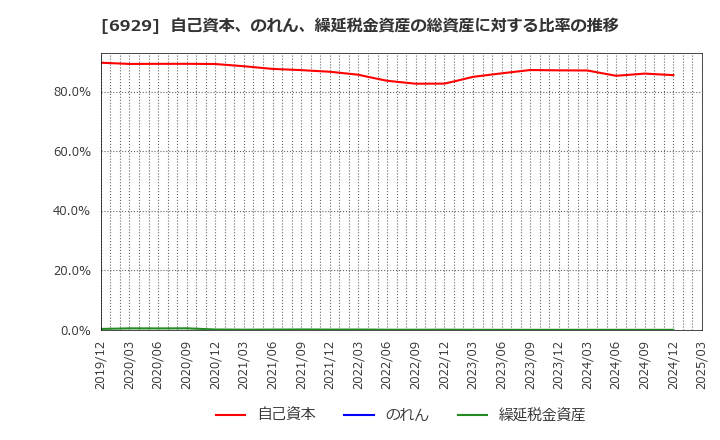 6929 日本セラミック(株): 自己資本、のれん、繰延税金資産の総資産に対する比率の推移
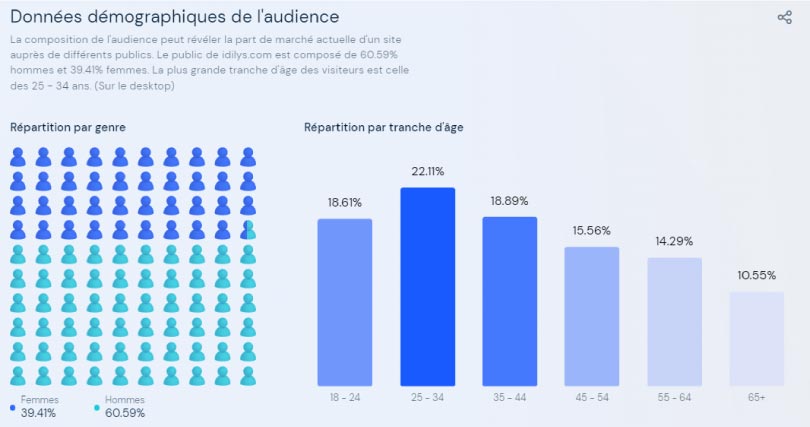 similarweb donnees demographique audience idilys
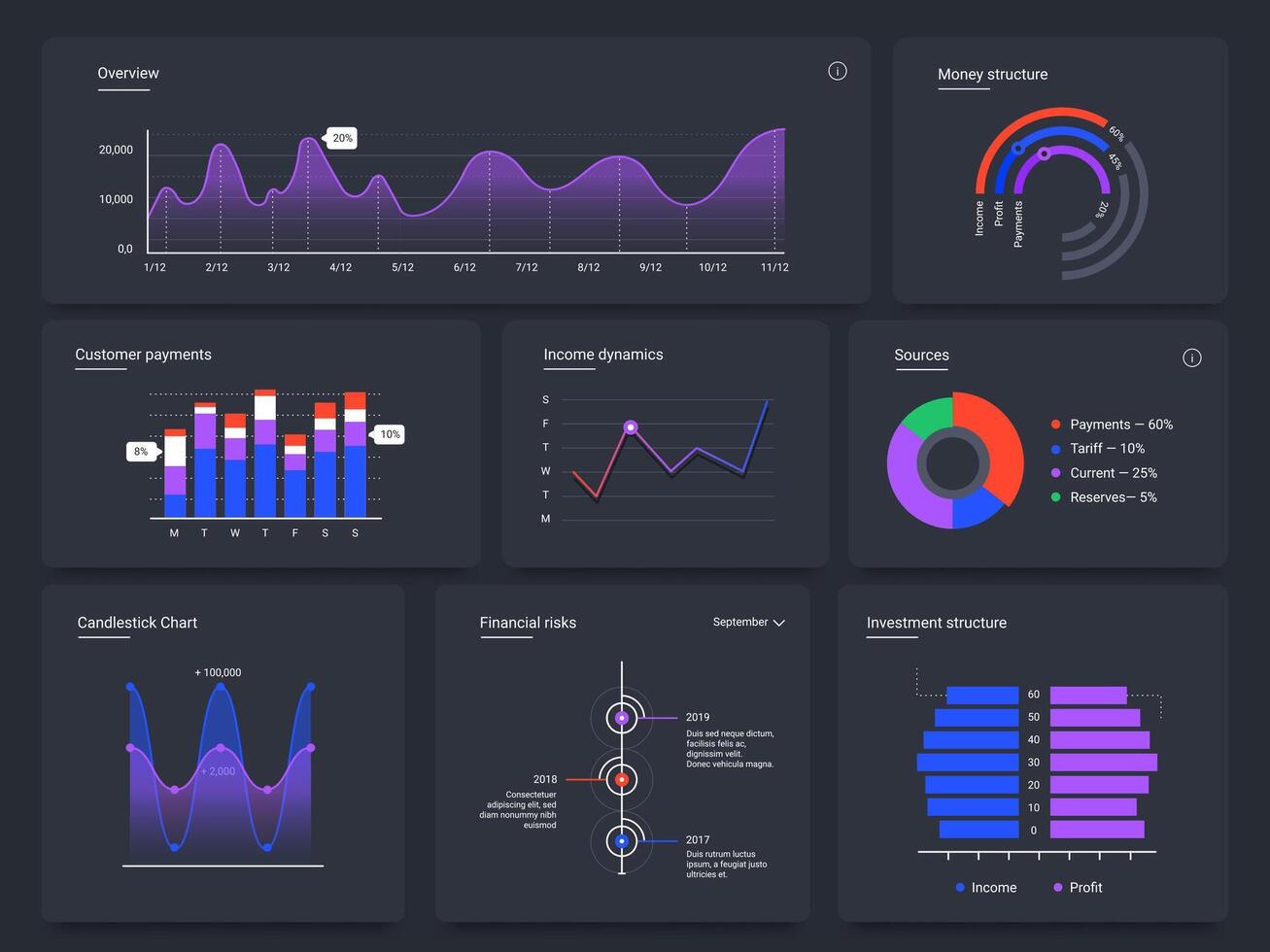 Finance App Project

> What is required: Apart from the pictures, every line above must be printed exactly.

> Task response:
 6929 日本セラミック(株): 自己資本、のれん、繰延税金資産の総資産に対する比率の推移
 similarweb donnees demographique audience idilys
 Finance App Project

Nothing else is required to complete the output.